Ceci démontre bien cela. Les cendres ne sont pas un corps humain. Et le matérialiste que je suis, qui considère que tout est matière tout en mettant en avant la primauté de l’esprit, voit dans cette qualification juridique une contradiction qui peut évidemment se comprendre : on parle respect (dimension morale), dignité (dimension éthique voire morale), décence (aspect éthique), mais aussi psychologie (la valeur sentimentale liée au défunt).

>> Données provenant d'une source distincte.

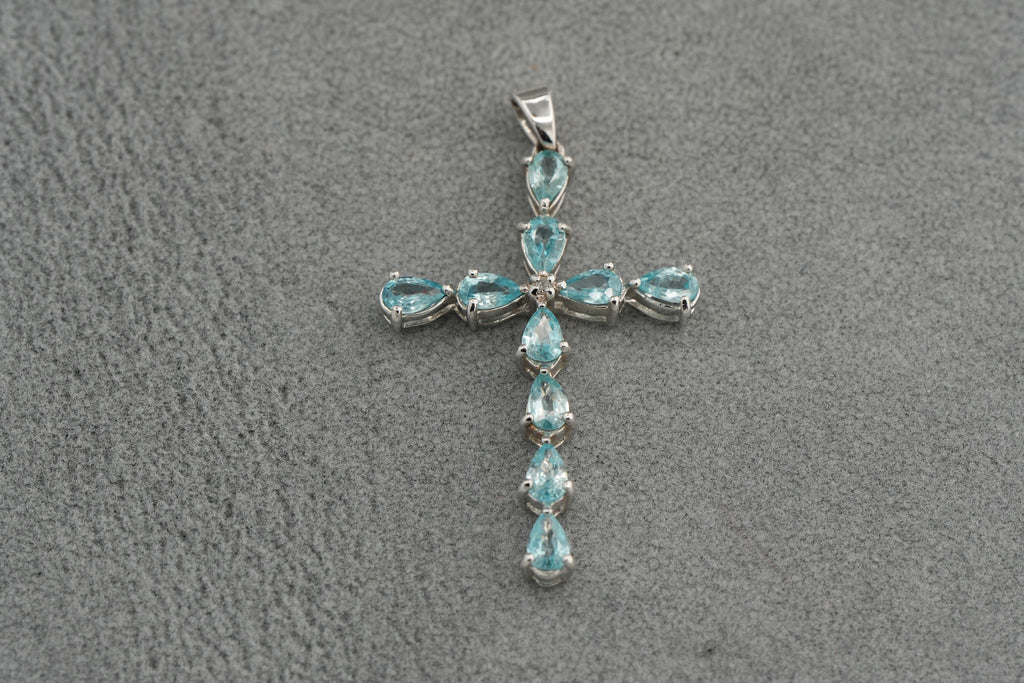 9ct white gold London blue topaz cross pendant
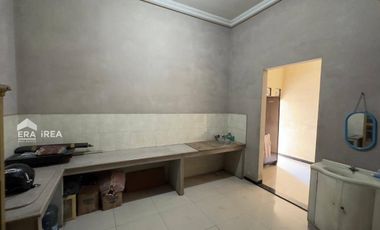 RUMAH DIJUAL DI SOLO DEKAT STASIUN JEBRES RS MOEWARDI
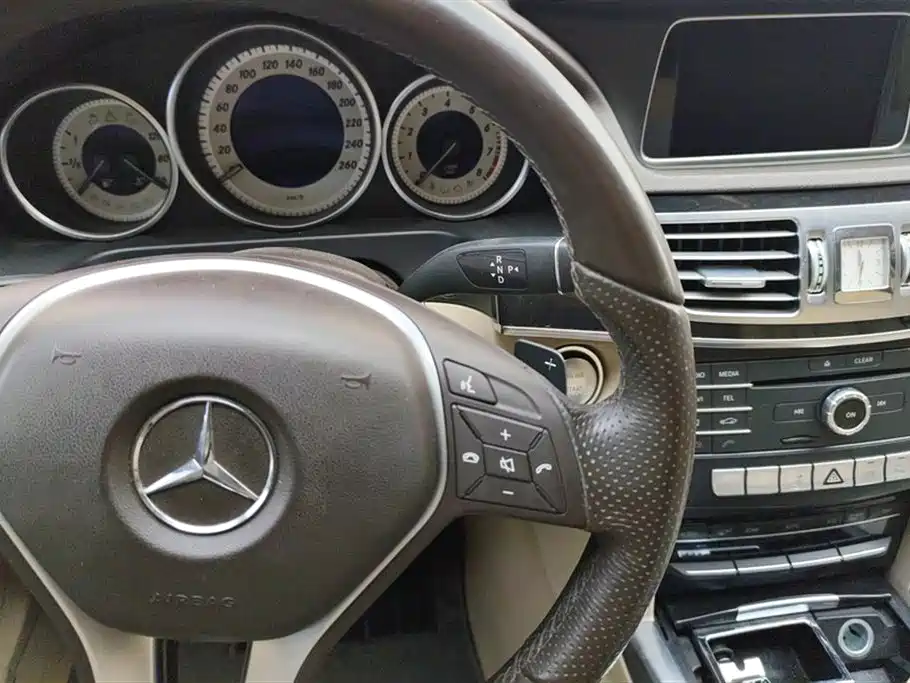 Mercedes-Benz E-class Mercedes-Benz E-class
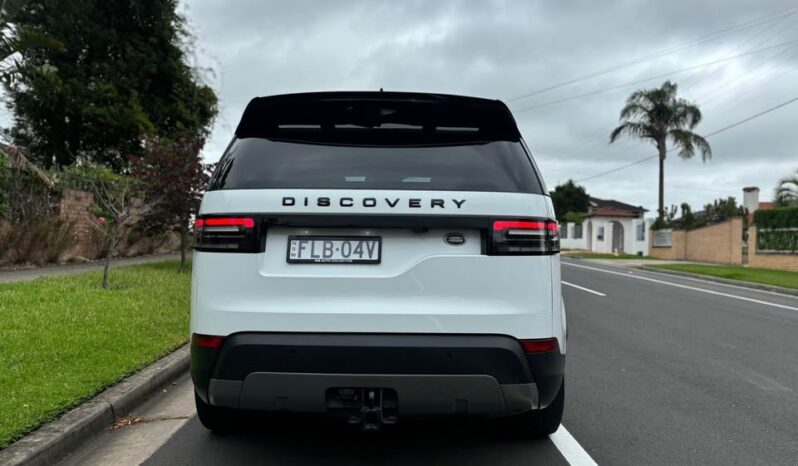 
								Used 2019 Land Rover Discovery full									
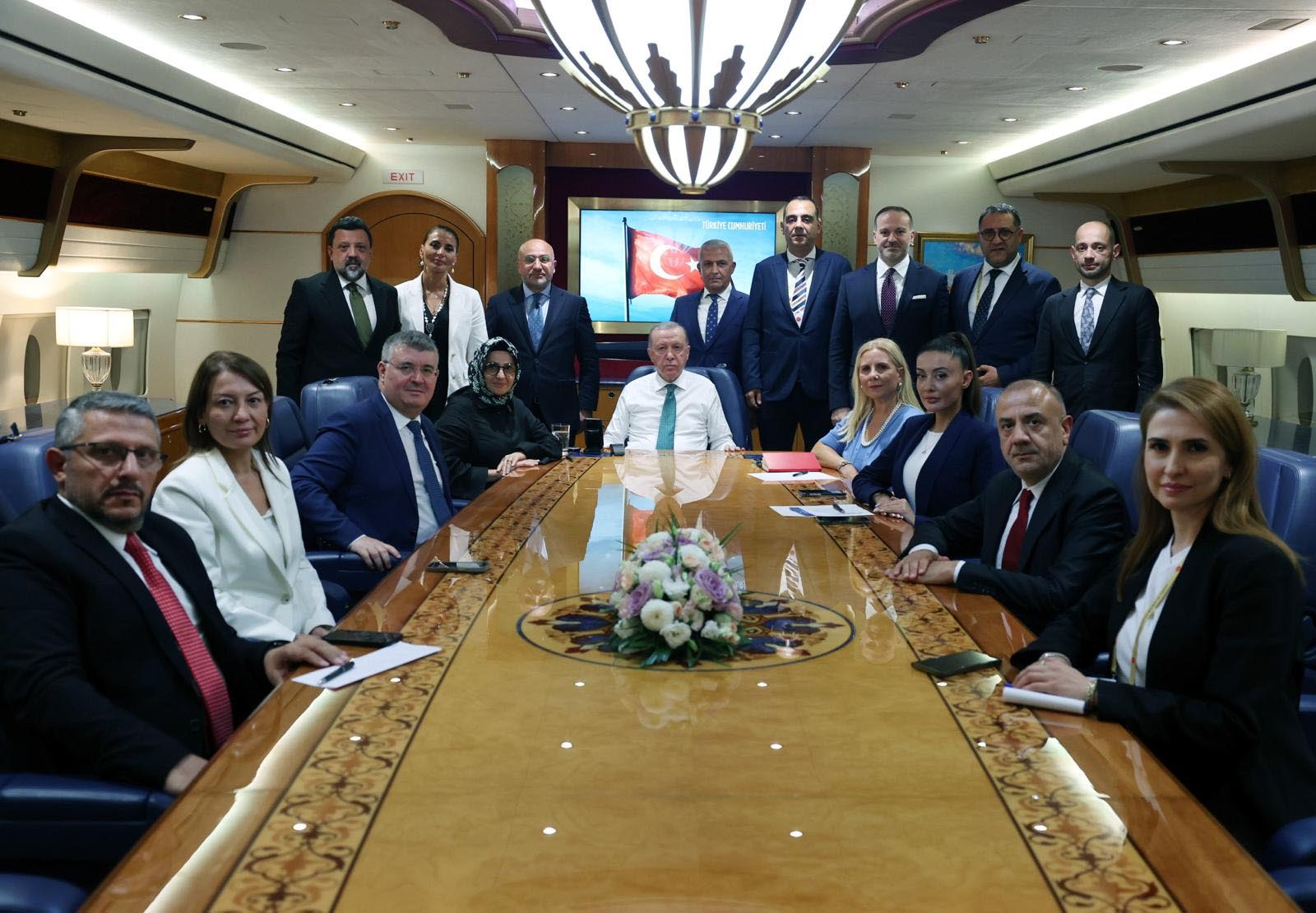 Cumhurbaşkanı Recep Tayyip Erdoğan, Katar ziyareti dönüşünde uçakta gazetecilerin sorularını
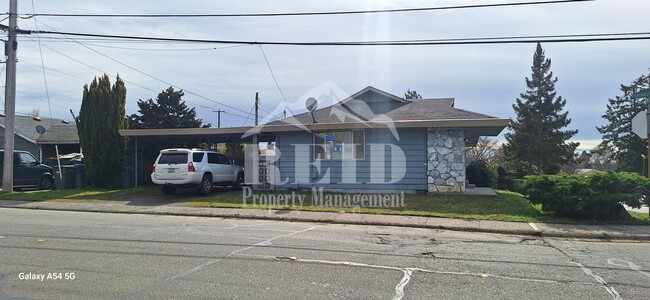 Building Photo - East Bremerton Rambler - 3 Bed 1 Bath with Garage and Carport Parking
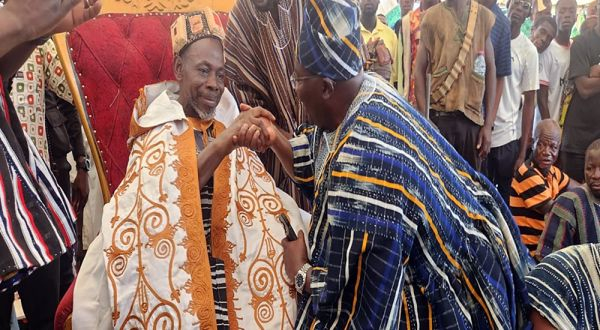 Bawumia greeting the Yagbonwura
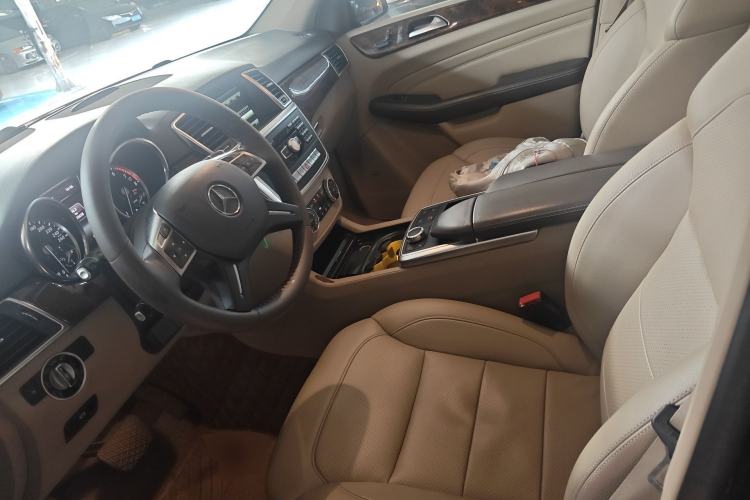 Used Mercedes-Benz M-Class 2015 ML 400 4MATIC Dynamic Model Left Front Seat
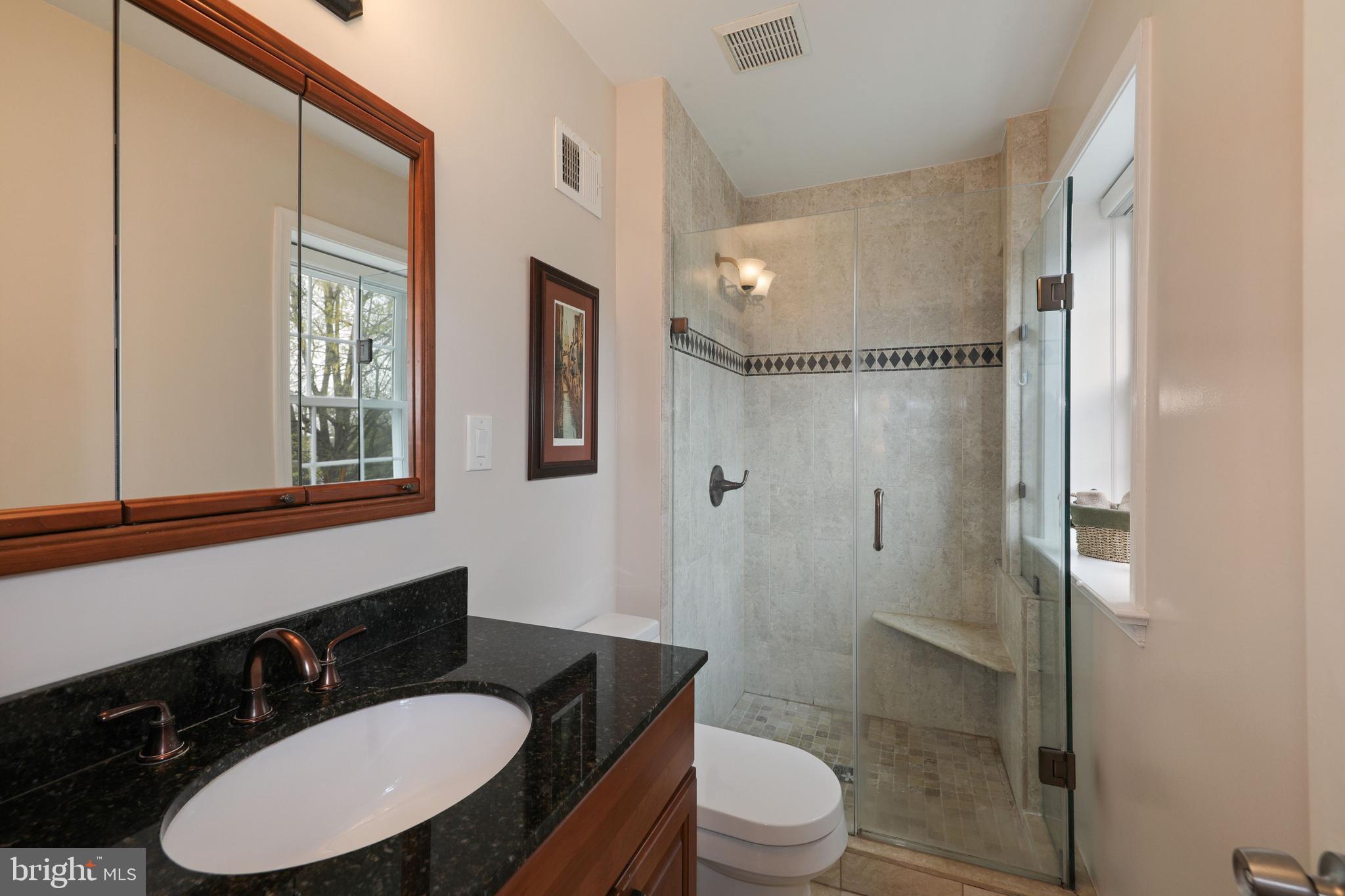 6671 Fairfax Road, Unit 90 Chevy Chase, MD 20815 - Photo 19 of 29 Full Bath en suite to Primary Bedroom
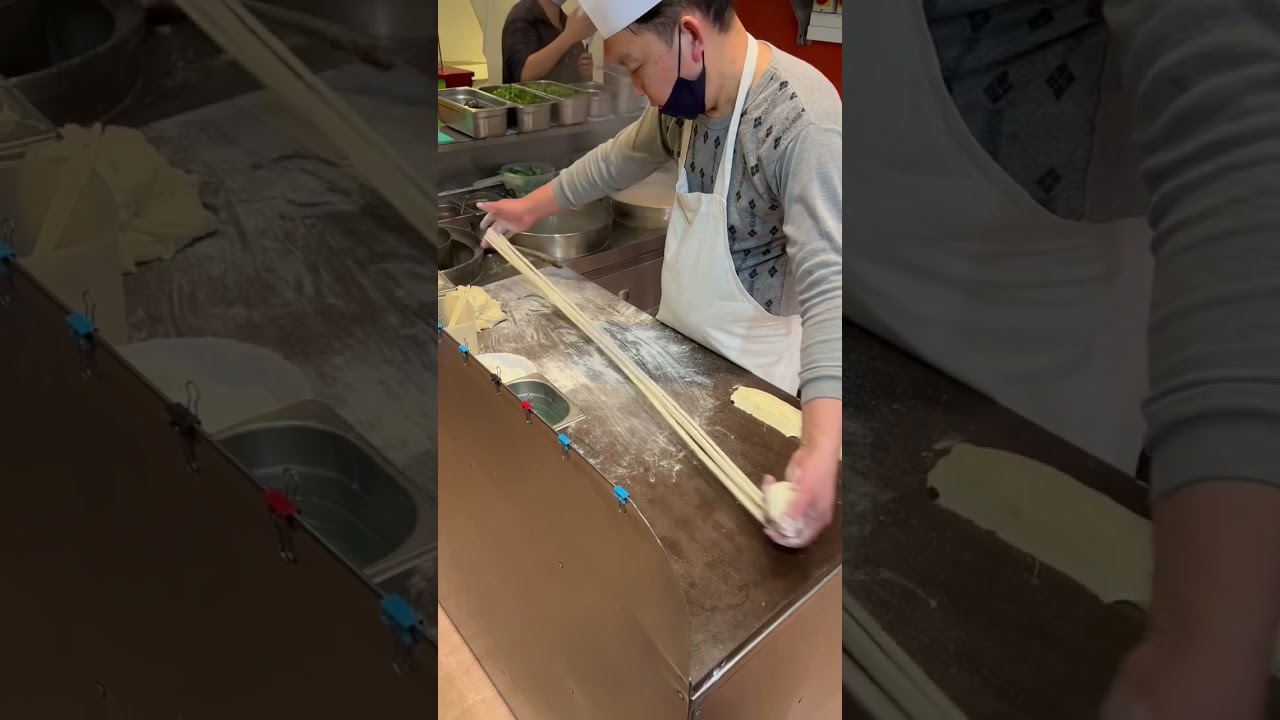 Hand pulled noodles skills at Lanzhou Lamian Noodle Bar In London 🍜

Les cendres issues de la crémation d’un défunt n’avaient qu’une valeur sentimentale jusqu’à il y a quelques années. Depuis la loi funéraire du 19 décembre 2008, les cendres ont acquis une valeur juridique : elles sont dorénavant considérées comme un « corps ». On insiste donc sur le respect dû à la personne : le « corps d’une personne décédée ». Il s’agit du respect de la personnalité du défunt.

■ Le respect

… Il est nécessaire de tenir compte des facteurs culturels, sociaux, juridiques et économiques, ainsi que de leur rôle dans la production d’espaces jugés appropriés pour la mort, la dispersion des cendres et le souvenir. En France, le respect est défini par l’article 16-1 du Code civil : « Chacun a droit au respect de son corps. Le corps humain est inviolable. Le corps humain, ses éléments et ses produits ne peuvent faire l’objet d’un droit patrimonial. »

Il est complété par l’article 16-1-1 : « Le respect dû au corps humain ne cesse pas avec la mort. Les restes des personnes décédées, y compris les cendres de celles dont le corps a donné lieu à crémation, doivent être traités avec respect, dignité et décence. » Un défunt en urne bénéficie des mêmes droits et des mêmes protections qu’un défunt en cercueil.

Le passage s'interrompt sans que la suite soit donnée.